Three guys. I fucking dragged along, and granted, they shouldn’t have stuck around (as I shouldn’t have for my ex) but now they are attached to me. Fell for me. I was so wrapped up in myself, and the person I loved. Being angry with him. Trying to fill a void that can’t be filled with just anyone.

I need to heal. I let these people close to me, but when they get to close. I break their hearts, and not gently. I break my own also, and disappoint myself. My voice starts getting used for the reasons I resent it. Pushing people away, keeping them from getting too close. Saying nasty things so they will never want anything to do with me again.

It’s such a sick and twisted way of thinking. Things that once felt good, don’t anymore. Because I’m not an angry kid anymore. Being angry then, felt fine. Felt reasonable, at least. I’ve grown since then and by being mean to someone who has tried to be there for me, just so I scare them away….isn’t worth it on either end. I need to shut up, and be strong. and silent. I did it then, I should be able to do it every once and a while now…I’d friggen hope so.

It’s been a rough year. But I’m finding a lot out about myself and things I truly need to work on. Things that have been living inside me for a long time.
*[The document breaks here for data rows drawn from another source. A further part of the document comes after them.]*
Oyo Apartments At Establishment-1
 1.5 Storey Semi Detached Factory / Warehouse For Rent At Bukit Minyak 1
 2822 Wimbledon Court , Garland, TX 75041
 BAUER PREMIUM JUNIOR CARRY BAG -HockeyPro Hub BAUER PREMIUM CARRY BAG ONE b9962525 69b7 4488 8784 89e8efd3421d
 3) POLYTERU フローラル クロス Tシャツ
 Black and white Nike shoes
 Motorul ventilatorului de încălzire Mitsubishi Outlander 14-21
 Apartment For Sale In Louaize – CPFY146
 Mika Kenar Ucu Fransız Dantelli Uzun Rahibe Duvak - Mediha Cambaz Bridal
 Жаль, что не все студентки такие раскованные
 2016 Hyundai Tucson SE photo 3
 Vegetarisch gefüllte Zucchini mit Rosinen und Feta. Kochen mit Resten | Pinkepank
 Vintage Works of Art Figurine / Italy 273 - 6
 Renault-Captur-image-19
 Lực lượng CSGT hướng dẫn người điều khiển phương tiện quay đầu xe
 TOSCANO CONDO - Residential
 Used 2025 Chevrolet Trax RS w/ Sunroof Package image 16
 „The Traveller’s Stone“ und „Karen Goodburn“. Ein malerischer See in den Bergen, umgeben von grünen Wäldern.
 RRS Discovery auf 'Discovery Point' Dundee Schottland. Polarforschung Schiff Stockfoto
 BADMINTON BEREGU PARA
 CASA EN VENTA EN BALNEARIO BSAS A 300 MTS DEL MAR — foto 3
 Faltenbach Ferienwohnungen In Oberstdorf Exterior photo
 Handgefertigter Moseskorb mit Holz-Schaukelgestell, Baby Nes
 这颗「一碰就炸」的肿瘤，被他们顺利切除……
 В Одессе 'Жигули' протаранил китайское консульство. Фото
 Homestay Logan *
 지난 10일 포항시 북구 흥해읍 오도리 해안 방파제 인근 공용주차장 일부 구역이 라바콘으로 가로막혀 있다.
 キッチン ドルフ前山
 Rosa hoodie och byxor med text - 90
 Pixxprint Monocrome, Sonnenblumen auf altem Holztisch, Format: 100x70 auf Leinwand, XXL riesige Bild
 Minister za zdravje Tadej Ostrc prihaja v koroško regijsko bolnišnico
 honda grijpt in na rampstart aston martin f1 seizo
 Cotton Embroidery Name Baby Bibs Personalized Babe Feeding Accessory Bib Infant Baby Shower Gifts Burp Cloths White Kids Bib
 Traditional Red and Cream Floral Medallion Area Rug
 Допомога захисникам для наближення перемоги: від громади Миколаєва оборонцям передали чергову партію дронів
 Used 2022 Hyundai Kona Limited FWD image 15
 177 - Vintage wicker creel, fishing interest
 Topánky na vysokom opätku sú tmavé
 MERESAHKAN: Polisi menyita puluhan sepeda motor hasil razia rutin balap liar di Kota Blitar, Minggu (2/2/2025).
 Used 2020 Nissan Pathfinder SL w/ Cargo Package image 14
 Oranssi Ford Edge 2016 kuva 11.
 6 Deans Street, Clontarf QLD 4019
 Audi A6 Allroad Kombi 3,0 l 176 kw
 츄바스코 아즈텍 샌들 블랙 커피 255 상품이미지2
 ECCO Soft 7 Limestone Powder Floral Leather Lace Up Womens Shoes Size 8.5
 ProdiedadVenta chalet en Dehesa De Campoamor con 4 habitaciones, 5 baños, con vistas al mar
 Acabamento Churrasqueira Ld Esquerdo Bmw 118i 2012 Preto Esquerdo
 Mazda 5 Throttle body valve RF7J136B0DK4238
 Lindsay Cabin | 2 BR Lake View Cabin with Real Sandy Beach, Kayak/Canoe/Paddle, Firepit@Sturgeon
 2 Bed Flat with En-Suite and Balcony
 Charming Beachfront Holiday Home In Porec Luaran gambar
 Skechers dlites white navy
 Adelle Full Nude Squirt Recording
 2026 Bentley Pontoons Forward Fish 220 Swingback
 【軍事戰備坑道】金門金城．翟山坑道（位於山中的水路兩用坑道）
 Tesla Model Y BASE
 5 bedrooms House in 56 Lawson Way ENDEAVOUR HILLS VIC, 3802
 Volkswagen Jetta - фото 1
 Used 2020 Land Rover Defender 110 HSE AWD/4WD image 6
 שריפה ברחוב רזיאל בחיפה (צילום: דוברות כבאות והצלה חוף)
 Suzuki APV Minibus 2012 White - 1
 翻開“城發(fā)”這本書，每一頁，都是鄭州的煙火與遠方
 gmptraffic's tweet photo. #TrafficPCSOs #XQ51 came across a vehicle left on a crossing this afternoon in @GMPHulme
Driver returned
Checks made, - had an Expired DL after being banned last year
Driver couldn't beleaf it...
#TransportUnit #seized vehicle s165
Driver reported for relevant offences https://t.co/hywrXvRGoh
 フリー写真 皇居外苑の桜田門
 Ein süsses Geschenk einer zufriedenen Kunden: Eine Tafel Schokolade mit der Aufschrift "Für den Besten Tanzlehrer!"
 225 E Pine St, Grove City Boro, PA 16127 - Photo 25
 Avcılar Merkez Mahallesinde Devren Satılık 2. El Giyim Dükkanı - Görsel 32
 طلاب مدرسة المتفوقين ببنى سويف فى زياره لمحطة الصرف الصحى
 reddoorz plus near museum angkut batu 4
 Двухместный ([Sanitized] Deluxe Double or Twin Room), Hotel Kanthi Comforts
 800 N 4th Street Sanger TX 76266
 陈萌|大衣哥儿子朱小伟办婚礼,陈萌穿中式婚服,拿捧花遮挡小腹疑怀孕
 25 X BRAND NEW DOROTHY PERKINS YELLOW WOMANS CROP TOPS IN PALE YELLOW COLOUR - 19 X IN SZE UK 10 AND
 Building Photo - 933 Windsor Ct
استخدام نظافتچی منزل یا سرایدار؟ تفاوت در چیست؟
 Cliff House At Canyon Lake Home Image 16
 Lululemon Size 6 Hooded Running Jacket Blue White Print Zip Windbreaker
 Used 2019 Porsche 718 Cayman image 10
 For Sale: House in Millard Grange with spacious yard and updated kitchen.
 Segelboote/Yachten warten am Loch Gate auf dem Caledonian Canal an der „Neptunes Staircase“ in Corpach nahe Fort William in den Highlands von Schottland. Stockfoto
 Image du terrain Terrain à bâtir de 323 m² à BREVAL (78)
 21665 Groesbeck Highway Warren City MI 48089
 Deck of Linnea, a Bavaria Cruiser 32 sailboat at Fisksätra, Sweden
Demons I thought I had got rid of. Although, they probably can’t ever be fully gone, I can learn to manage it better. I don’t need to hurt myself or anyone else anymore.

I wish I hadn’t said those terrible things to someone who I feel did genuinely want to show me love. I got scared. Because I don’t think I’ll ever feel the same, and I can’t use someone to replace something thats not replaceable.